→ **The problem**:
What is needed is a word-for-word copy of every record below, minus the pictures.

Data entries
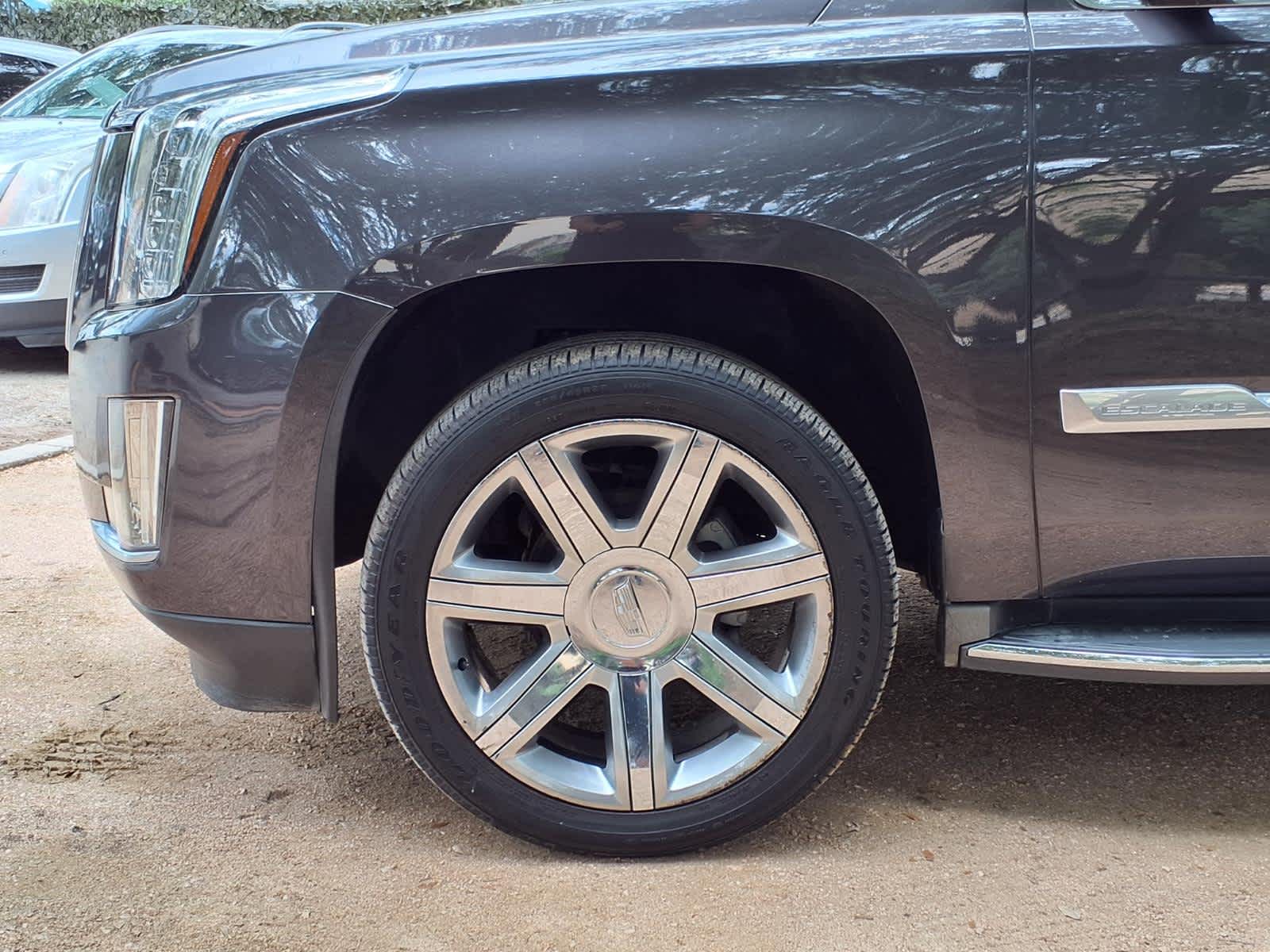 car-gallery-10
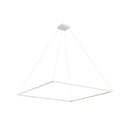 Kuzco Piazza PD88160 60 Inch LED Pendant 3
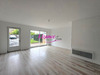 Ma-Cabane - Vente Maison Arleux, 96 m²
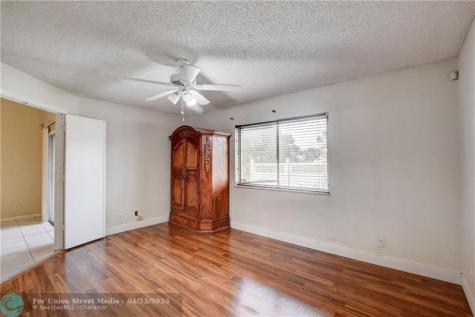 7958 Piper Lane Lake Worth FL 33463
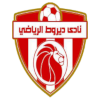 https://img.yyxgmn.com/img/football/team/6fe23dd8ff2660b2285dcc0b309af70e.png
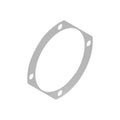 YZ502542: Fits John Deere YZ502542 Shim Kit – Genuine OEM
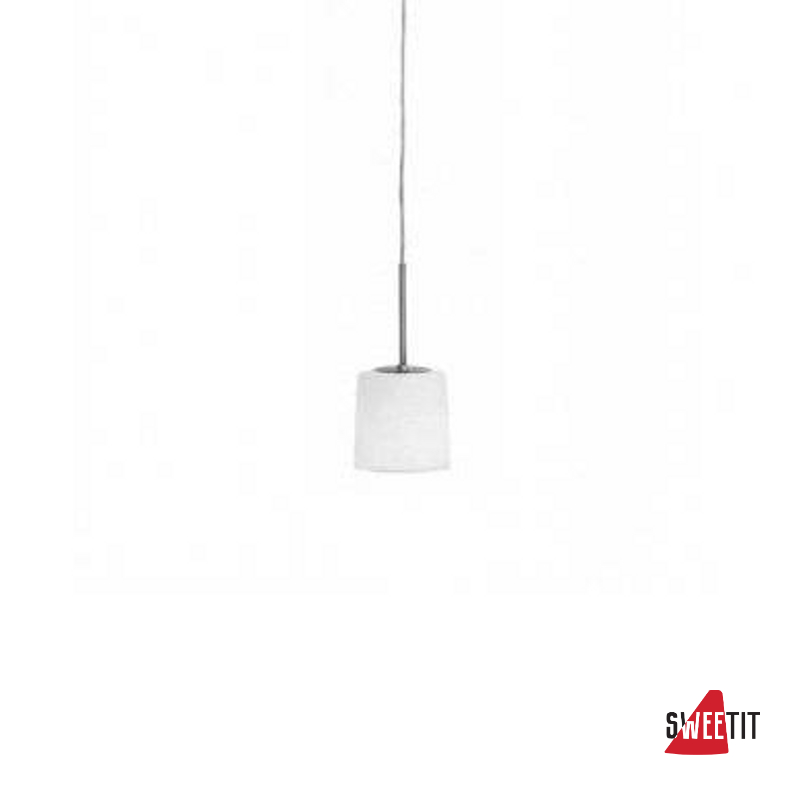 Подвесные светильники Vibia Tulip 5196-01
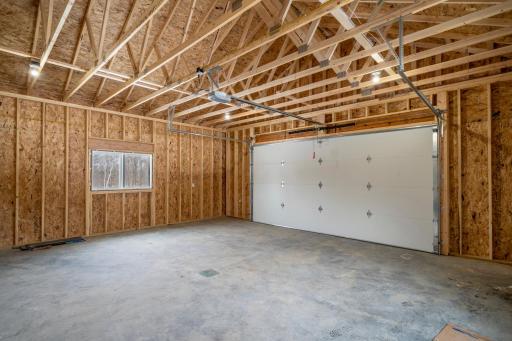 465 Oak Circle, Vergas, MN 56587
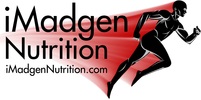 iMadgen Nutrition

→ **Solution below**:
 car-gallery-10
 Kuzco Piazza PD88160 60 Inch LED Pendant 3
 Ma-Cabane - Vente Maison Arleux, 96 m²
 7958 Piper Lane Lake Worth FL 33463
 https://img.yyxgmn.com/img/football/team/6fe23dd8ff2660b2285dcc0b309af70e.png
 YZ502542: Fits John Deere YZ502542 Shim Kit – Genuine OEM
 Подвесные светильники Vibia Tulip 5196-01
 465 Oak Circle, Vergas, MN 56587
 iMadgen Nutrition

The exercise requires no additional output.